Le président sri-lankais Sirisena renvoie son Premier ministre

Le président sri-lankais Maithripala Sirisena a renvoyé vendredi soir Ranil Wickremesinghe, le Premier ministre, et a nommé à ce poste l’ancien président, Mahinda Rajapakse, pour le remplacer.

Ce faisant, Sirisena a mis fin au « gouvernement d’union » entre sa fraction du Parti de la liberté du Sri Lanka (SLFP) et le Parti national unifié (UNP) de Wickremesinghe, qui dirige le pays depuis 2015.

Le 19ᵉ amendement à la constitution du Sri Lanka, promulgué en avril 2015, élimine les pouvoirs considérables du président en exercice, y compris son droit de décider unilatéralement de révoquer un Premier ministre.

Sirisena et Rajapakse ont gardé leur démarche inconstitutionnelle strictement secrète même envers leurs plus proches alliés jusqu’à la dernière minute. Ce coup est une expression de l’énorme crise politique qui secoue la classe dirigeante du Sri Lanka dans le contexte d’une crise économique profonde, de tensions géopolitiques croissantes et d’une résurgence de la lutte de classe des travailleurs et des pauvres.

Le nouveau régime resserre son emprise sur le pouvoir. Des voyous pro-Rajapakse ont chassé du personnel considéré comme favorable à Wickremesinghe de la télévision publique. Sirisena a immédiatement pris le contrôle de ces chaînes de télévision et de la maison de presse publique, Lake House. Il s’est également substitué au ministère de l’intérieur.

Wickremesinghe a qualifié l’initiative de Sirisena d’« inconstitutionnelle », déclarant qu’il était toujours Premier ministre et appelant à la convocation du Parlement pour « prouver sa majorité ».

Sirisena a réagi en publiant deux éditions du journal officiel (la Sri Lanka Government Gazette), l’une pour annoncer et valider sa décision de révoquer Wickremesinghe, l’autre pour proroger ou suspendre le Parlement pendant trois semaines jusqu’au 16 novembre. Il compte faire assermenter le nouveau cabinet de Rajapakse lundi.

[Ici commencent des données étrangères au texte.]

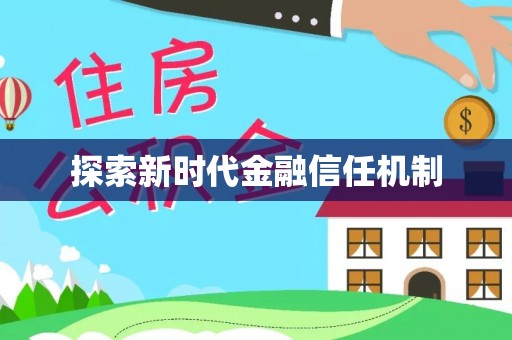 叶县探索新时代金融信任机制
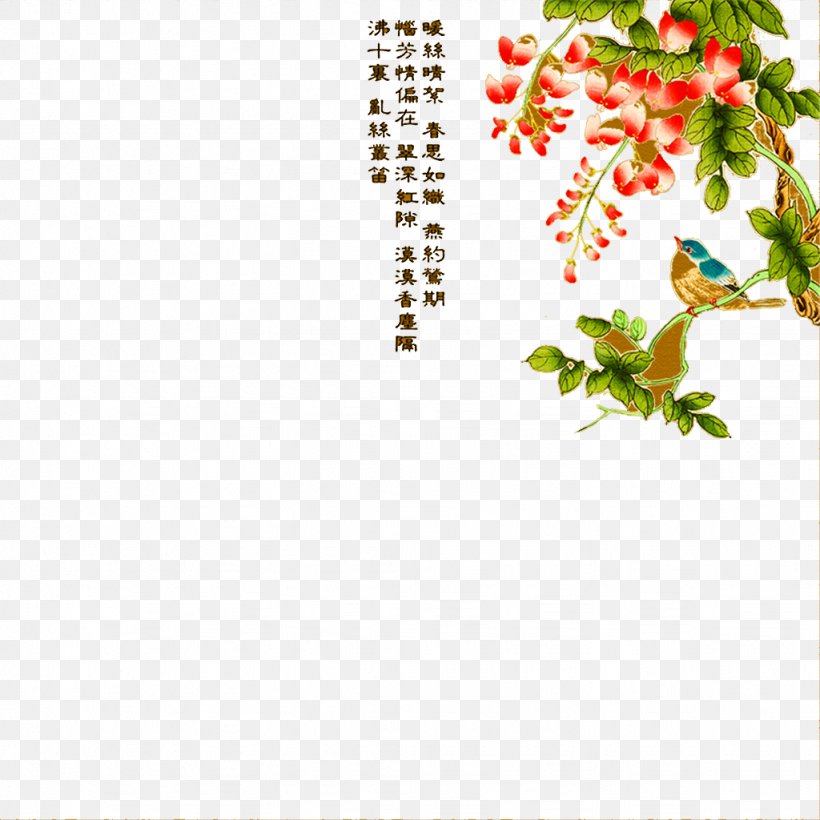 Poster, PNG, 1024x1024px, Poster, Area, Elements Hong Kong, Leaf, Point Download Free
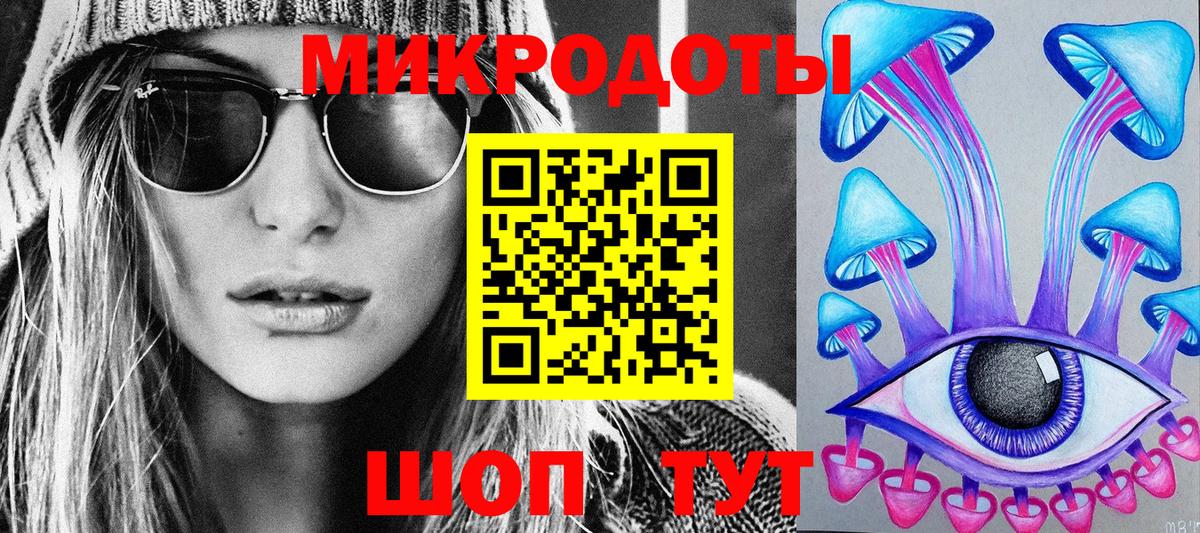 Галлюциногенные грибы мухоморы Междуреченск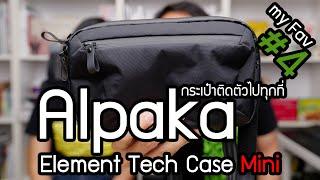 กระเป๋าติดตัวไปทุกที่ Alpaka Elements Tech Case Mini : my Favorite EP4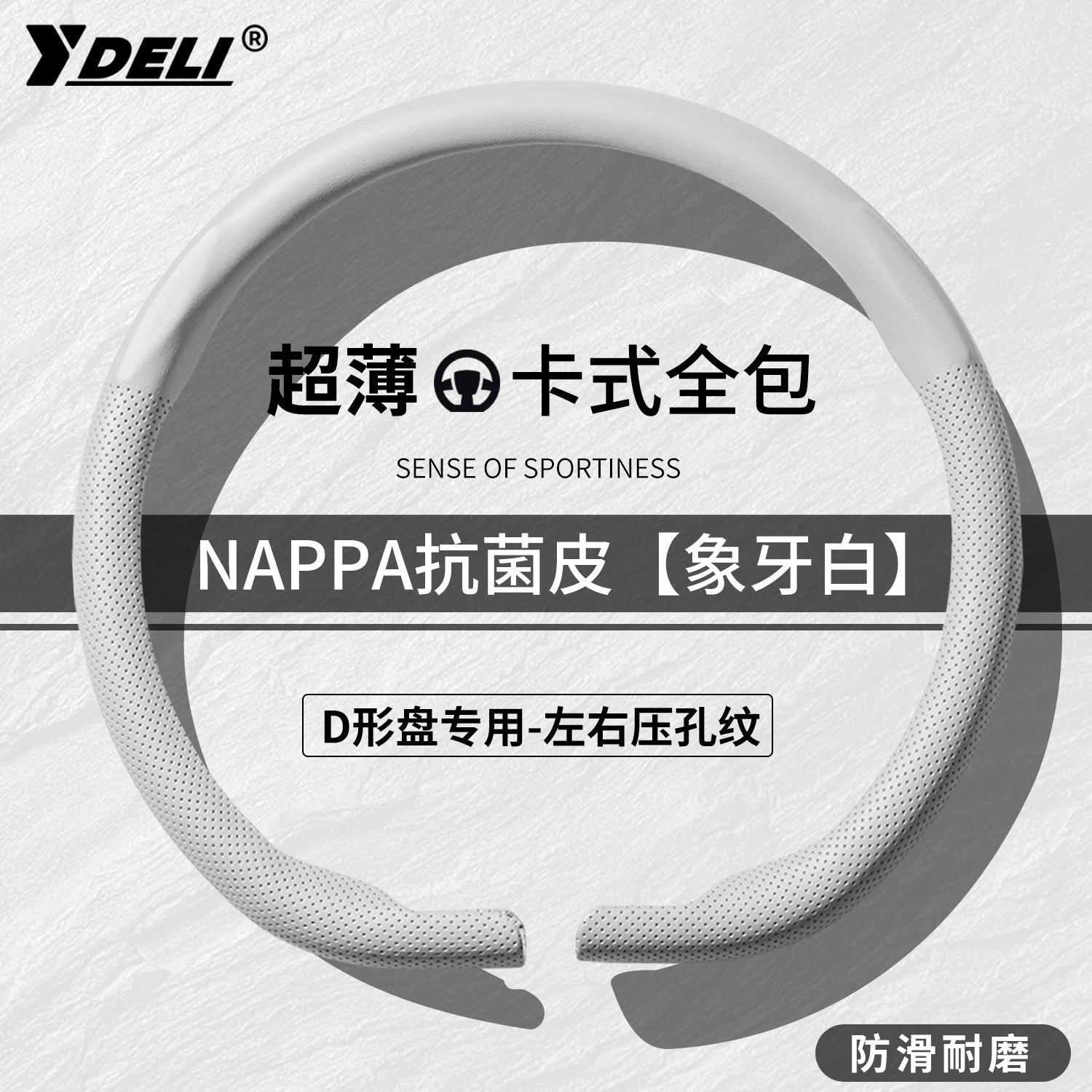 Tank 300 sükan örtüyü, tank 400, Hi4T, 500, 500 və 700 modelləri, bütün mövsüm ultra nazik zamşa, qış istifadəsinə uyğundur.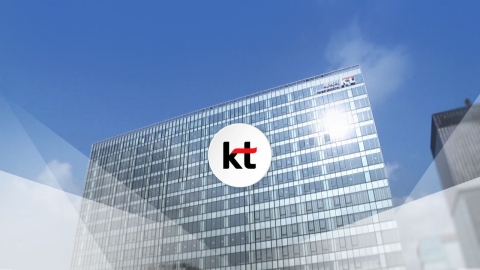  경찰 "KT 무단 소액결제 피해, 어제까지 214명"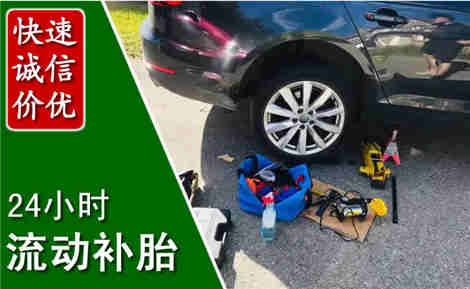 双阳流动补胎场景与案例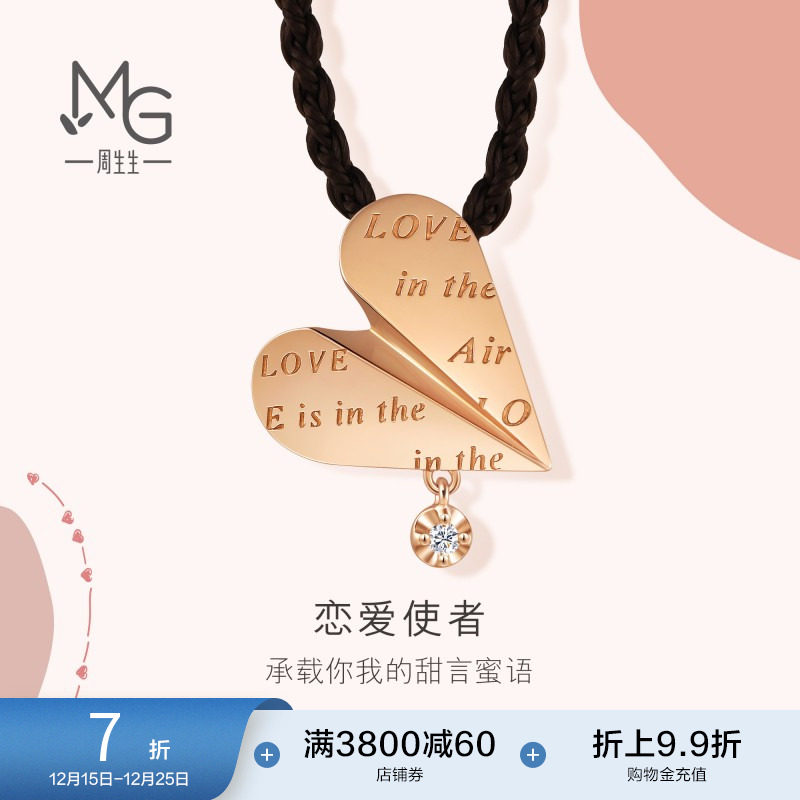 周生生爱情密语纸飞机k金吊坠爱心钻石18k金项链92433Z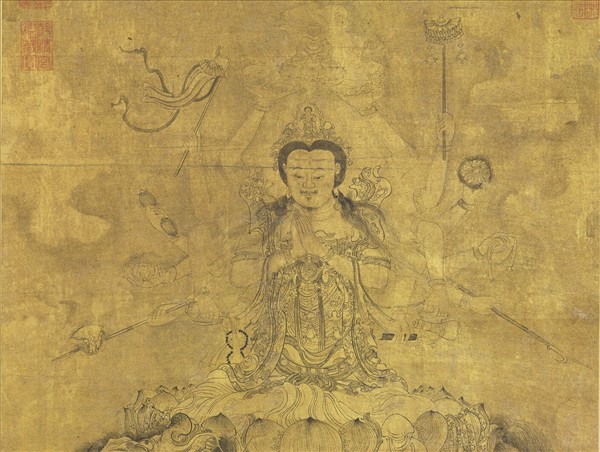 元張渥畫十六臂大士像　軸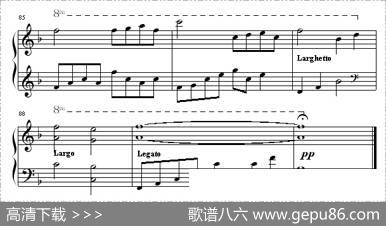 日晷之梦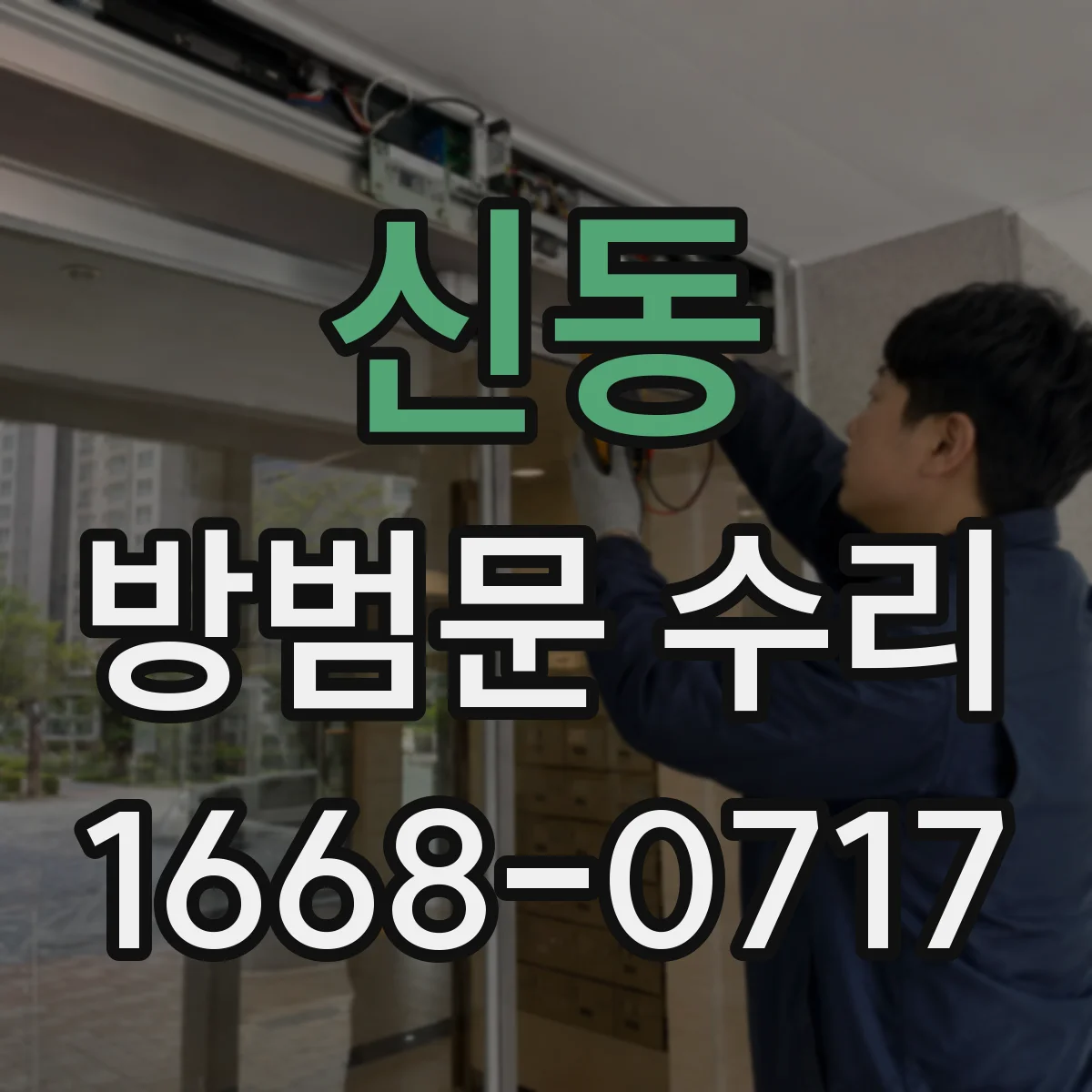 신동 방범문 수리
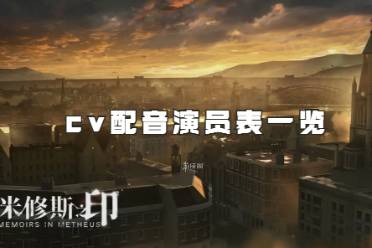 米修斯之印游戏cv配音演员表一览介绍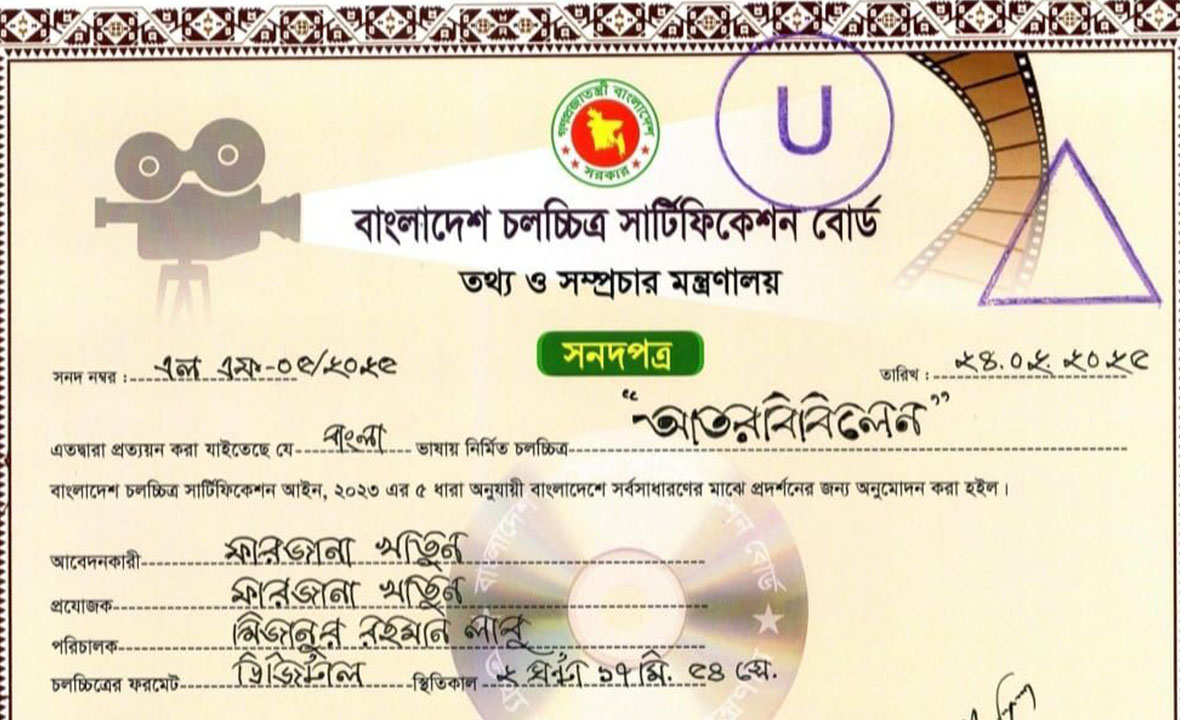 মুক্তির অপেক্ষায় ‘আতরবিবিলেন’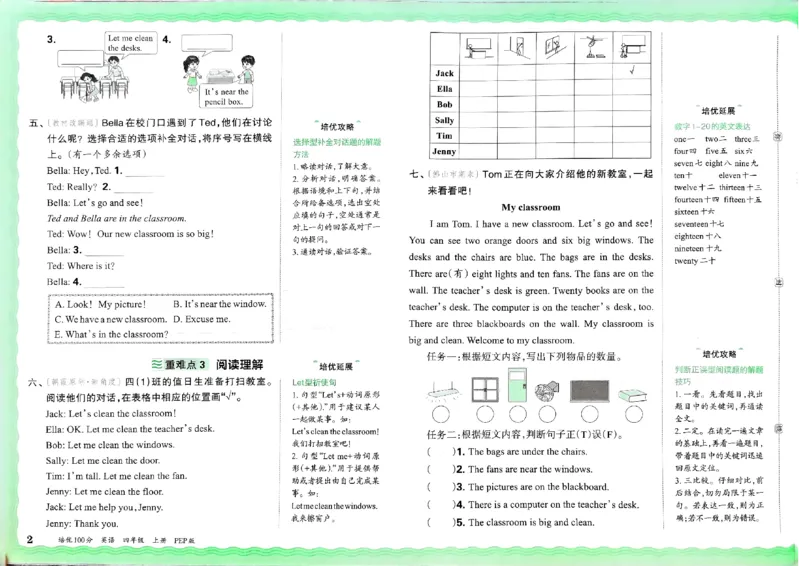 四年级英语上册人教PEP版24秋《王朝霞培优100分》_26春四年级上下册人教版_四上英语合集人教版PEP英语四年级上册新教材（教学视频+课件+动画+音频+练习+教案）_17练习资料
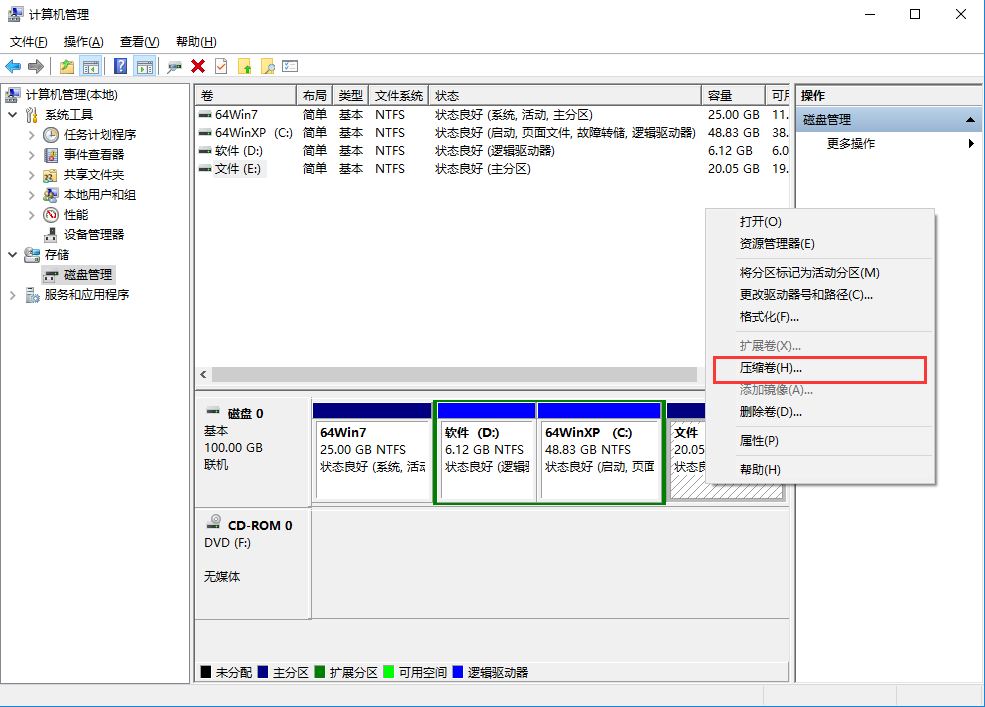 win10本地分區(qū)方法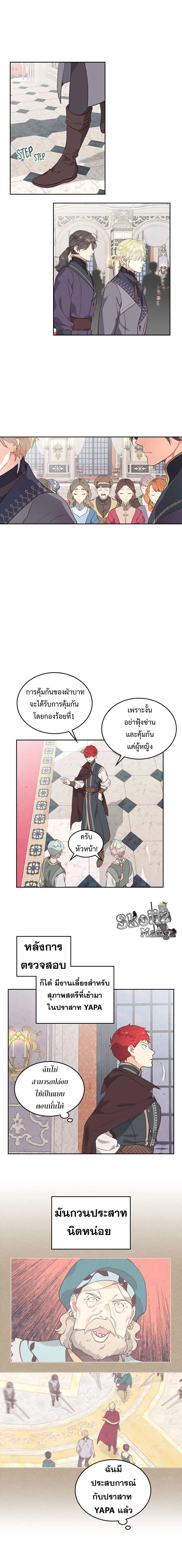 The Knight and Her Emperor ตอนที่ 81 หน้า 11
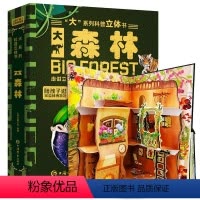 科普立体书:大森林 [正版]科普立体书大森林走进森林王国大开本立体翻翻机关书有声伴读精装硬壳儿童趣味百科科普百科全书3-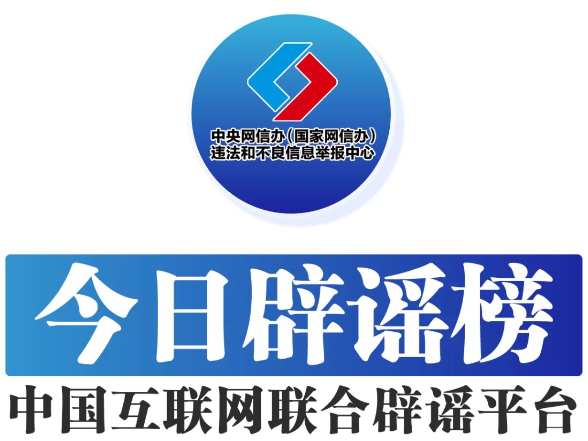 西藏公布多起涉吉隆泥石流灾害网络谣言典型案例（2026·08·31）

La coalition dirigée par l’UNP compte 106 membres sur les 225 sièges du parlement, tandis que Sirisena et Rajapakse réunis comptent 95 députés. Wickremesinghe compte sur le soutien de l’Alliance nationale tamoule (TNA), qui dénombre 16 députés. Le Janatha Vimukthi Peramuna (JVP) a annoncé qu’il ne soutiendrait aucun des deux groupes.

S’adressant hier à un groupe de députés du SLFP et de ses alliés, Sirisena a déclaré qu’il ne pouvait pas continuer à travailler avec Wickremesinghe, parce que le gouvernement était plongé dans la corruption financière. Il a également cité des affirmations sans preuves d’un « complot visant à le tuer ».

En septembre, Namal Kumara, un ancien soldat et informateur de la police, aurait eu connaissance d’un complot visant à tuer Sirisena et l’ancien secrétaire à la défense, Gotabhaya Rajapakse, de l’inspecteur général de la police adjoint, Nalaka de Silva.

Les allégations de Sirisena ne sont que des prétextes transparents pour justifier ses actions antidémocratiques. Aucune des factions de l’élite politique sri-lankaise, qu’elles soient dirigées par Sirisena, Rajapakse ou Wickremesinghe, ne ressent autre chose que du mépris pour les droits démocratiques fondamentaux et les normes constitutionnelles.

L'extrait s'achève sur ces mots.